Os textos desta página são cartas que M. escreve para um amigo que (acho) mora na Europa. Todos os dia de manhã, ela deposita um envelope embaixo da minha porta. Depois de encher as latas do condomínio de bolos de papel, desisti, e resolvi publicar algumas por aqui. Assim, quem sabe, podem algum dia atingir o seu destinatário... Renata Magdaleno

sábado, agosto 19, 2006

receita de peixe

Há mulheres que dizem:
Meu marido, se quiser pescar, pesque,
mas que limpe os peixes.
Eu não. A qualquer hora da noite me levanto,
ajudo a escamar, abrir, retalhar e salgar.

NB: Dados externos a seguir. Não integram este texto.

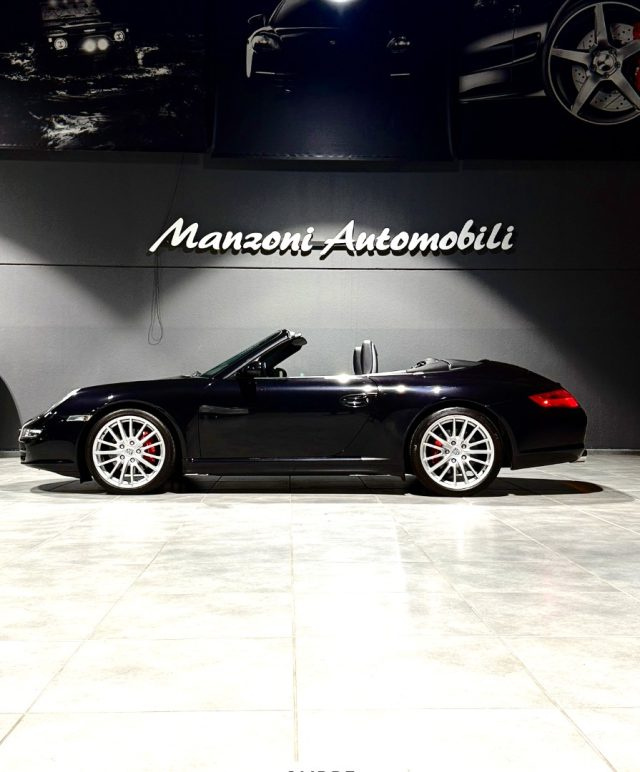 PORSCHE 911 Nero metallizzato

É tão bom, só a gente sozinhos na cozinha,
de vez em quando os cotovelos se esbarram,
ele fala coisas como "este foi difícil"
"prateou no ar dando rabanadas"
e faz o gesto com a mão.
O silêncio de quando nos vimos a primeira vez
atravessa a cozinha como um rio profundo.
Por fim, os peixes na travessa,
vamos dormir.
Coisas prateadas espocam:
somos noivo e noiva.

Adélia Prado estava no palco declamando poemas, contando histórias. Lembrou do passado. De uma vez que foi na TV ler um poema sobre um casal e recebeu uma carta indignada de uma professora, chamando de machismo a história de uma mulher que levantava no meio da noite só para limpar os peixes que o marido trazia da pesca. Quer dizer que devemos voltar ao século passado? Servir aos homens sempre? E Adélia lá, rindo da lembrança. Achando graça de tudo.

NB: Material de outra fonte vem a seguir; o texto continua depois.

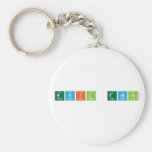 Evil Twin  Keychains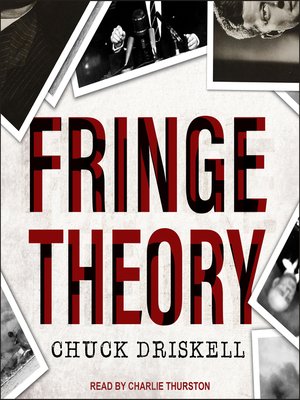 cover image of Fringe Theory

Não acompanhei a risada. Bati na testa. Anta! Eu seria capaz de fazer um comentário desses. Não em relação ao machismo. Mas era capaz de ler um poema bonito que nem aquele e interpretar com meus preconceitos. E lembrei de quando li uma entrevista sobre ela numa revista literária. Numa das perguntas, dizia que era católica praticante e o repórter ainda reforçava o quanto sua obra falava de Deus. E eu criei este rótulo estúpido. Adélia para mim passou a ser sinônimo de quem propaga em seus versos sua religiosidade. Quanta ignorância... Não que eu não tenha a minha, mas implico com quem estampa na camisa suas crenças. Com esta idéia na cabeça, não quis ler mais poema nenhum. E ali estava eu na Flip, tão encantada com a pessoa, tão emocionada com a obra e em como ela conseguia ressaltar a beleza do cotidiano, da vida, da convivência.

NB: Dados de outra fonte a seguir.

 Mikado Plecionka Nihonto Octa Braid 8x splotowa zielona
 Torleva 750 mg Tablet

“Só as pessoas equivocadas quanto à natureza do fato literário repudiam um livro por sua casuística religiosa. O enredo ou tema de um livro não é o que o torna bom ou mau. Seu valor e desvalor têm a ver com a “forma”, apenas”, dizia Adélia na entrevista. Enxugando os olhos depois de ouvir seus versos, tive que concordar plenamente.